Par Vincent Delhomme.
Un article de Trop libre.
The Fourth Revolution, The Global Race to Reinvent the State est un de ces essais si brillants et documentés qu’ils se lisent comme des romans. Écrit à quatre mains par deux journalistes de The Economist, rarement un ouvrage n’avait décrit avec autant d’acuité les difficultés rencontrées par les vieilles démocraties et le dysfonctionnement de leurs gouvernements.
État-providence inefficace et bureaucratisé, faillite financière, démocratie sclérosée : la liste des maux qui frappent nos sociétés est connue mais celle des remèdes l’est moins. De Singapour à la Californie en passant par l’Europe du Nord, les auteurs nous proposent un tour du monde des recettes innovantes. Ils tracent la voie vers un nouveau mode de gouvernement, restreint et intelligent, se concentrant sur ses compétences régaliennes et la délivrance des biens publics de base. La démocratie se débarrasse ainsi de ses promesses intenables, aussi désastreuses pour les finances des États que créatrices de frustration chez les citoyens.
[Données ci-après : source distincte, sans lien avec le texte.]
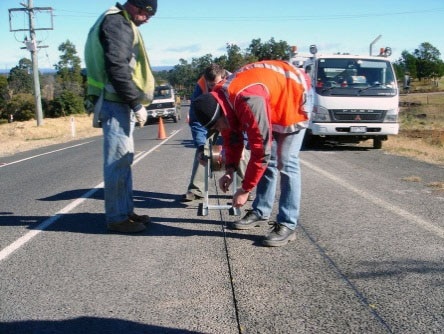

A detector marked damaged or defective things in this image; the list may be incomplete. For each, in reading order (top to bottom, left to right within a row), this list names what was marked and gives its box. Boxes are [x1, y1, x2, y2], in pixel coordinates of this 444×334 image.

Au moment où la France cherche les réformes susceptibles de sortir de l’ornière, ce livre est une boîte à outils à mettre entre les mains de tous. Et les solutions sont à portée de main. Dans un chapitre au titre évocateur, « The Place where the Future Happened First », les auteurs rappellent qu’une région en Europe fait à ce titre figure d’exemple. Confrontés à nos problèmes actuels au début des années 90, une économie en panne et un secteur public devenu obèse, les pays d’Europe du Nord ont su réagir rapidement pour sauver leur modèle. Pour ce faire, ils ont comme le disent les auteurs « étendu le marché à l’État ».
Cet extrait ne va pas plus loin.